Maryport Blues Festival July 24 and 25 2010

Maryport Blues Festival July 24 and 25 2010
This was my fourth, and Marie’s second, visit to Maryport for the Blues festival. This year we decided to visit for the Saturday and the Sunday. We drove across on Saturday afternoon and checked in at the Ship, Allonby which is about 5 miles up the coast from Maryport. Allonby is a lovely town with wonderful views of the sea, and a great coastline and the Ship is a nice pub offering rooms for bed and breakfast. On the Saturday evening we ventured into Maryport centre for the blues trail. The place was packed and there were queues to get into all of the pubs, so we retreated to the rugby club where the main marquee for the festival is situated. The Saturday night was headlined by Mica Paris and Booker T. Booker T was excellent. He still uses his famous Hammond organ and Lesley cabinet, and he treated us to favourites such as Green Onions, Time is Tight and great renditions of Dock of the Bay, Ain’t no Sunshine and Hold On I’m Coming. It was a rare chance to see a true legend (his only UK date in the current European tour) and he didn’t disappoint.
We were up early on Sunday morning and had a walk along the beach which blew away the cobwebs and got us ready for the day. We drove into Cockermouth and had a look around Wordsworth’s birthplace before going into the festival later in the day. We passed Paul Jones in the street in Cockermouth; he is in Maryport for the festival and is recording for a three hour special for his Radio 2 Blues show. Headliners were Canned Heat (yes they are still playing) and Robert Cray.
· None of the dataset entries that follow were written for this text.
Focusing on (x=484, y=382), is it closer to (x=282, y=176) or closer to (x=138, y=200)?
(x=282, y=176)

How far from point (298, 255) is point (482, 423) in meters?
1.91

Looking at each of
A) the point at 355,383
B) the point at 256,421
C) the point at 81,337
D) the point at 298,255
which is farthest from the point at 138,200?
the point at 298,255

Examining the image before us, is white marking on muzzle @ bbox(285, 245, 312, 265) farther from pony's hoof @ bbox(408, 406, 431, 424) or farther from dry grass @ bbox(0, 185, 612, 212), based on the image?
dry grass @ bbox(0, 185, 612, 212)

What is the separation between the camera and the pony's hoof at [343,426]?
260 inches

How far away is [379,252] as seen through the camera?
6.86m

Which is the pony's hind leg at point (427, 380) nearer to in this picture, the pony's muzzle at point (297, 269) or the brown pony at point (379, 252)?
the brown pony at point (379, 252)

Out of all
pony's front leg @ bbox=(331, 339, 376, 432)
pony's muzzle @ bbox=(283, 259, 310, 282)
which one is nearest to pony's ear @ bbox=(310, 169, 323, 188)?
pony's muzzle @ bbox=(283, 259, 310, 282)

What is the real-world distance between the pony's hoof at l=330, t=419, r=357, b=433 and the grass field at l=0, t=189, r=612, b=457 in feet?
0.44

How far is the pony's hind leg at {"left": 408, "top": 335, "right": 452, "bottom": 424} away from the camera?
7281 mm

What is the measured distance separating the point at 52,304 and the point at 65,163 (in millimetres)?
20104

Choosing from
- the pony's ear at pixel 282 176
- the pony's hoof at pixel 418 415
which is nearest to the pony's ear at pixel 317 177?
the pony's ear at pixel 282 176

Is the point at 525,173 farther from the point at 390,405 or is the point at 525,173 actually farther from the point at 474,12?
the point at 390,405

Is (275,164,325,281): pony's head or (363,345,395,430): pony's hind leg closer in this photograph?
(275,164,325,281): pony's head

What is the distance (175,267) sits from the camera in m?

It was Canned Heat who I had really come to see. The band consists of the original drummer who has been there throughout since the 60s and the recently returned to the fold Larrie Thompson on bass and Harvey Mandel on guitar. They are billed as the Woodstock lineup as those three guys all played at that famous festival. They open with On the Road Again which sets the pace for a host of blues and boogie tunes, including the other hits Going up the Country and Lets Stick Together. They still sound great; tight as anything, although for me some of the solos go on a little too long.
We return to the Ship on Sunday night and drive home Monday morning. Another great blues festival. The attendance was pretty good (there were rumours that ticket sales were slow and that this may be the last festival due to funding problems); I certainly hope it returns next year and keeps its place as one of the premier blues festivals in the UK.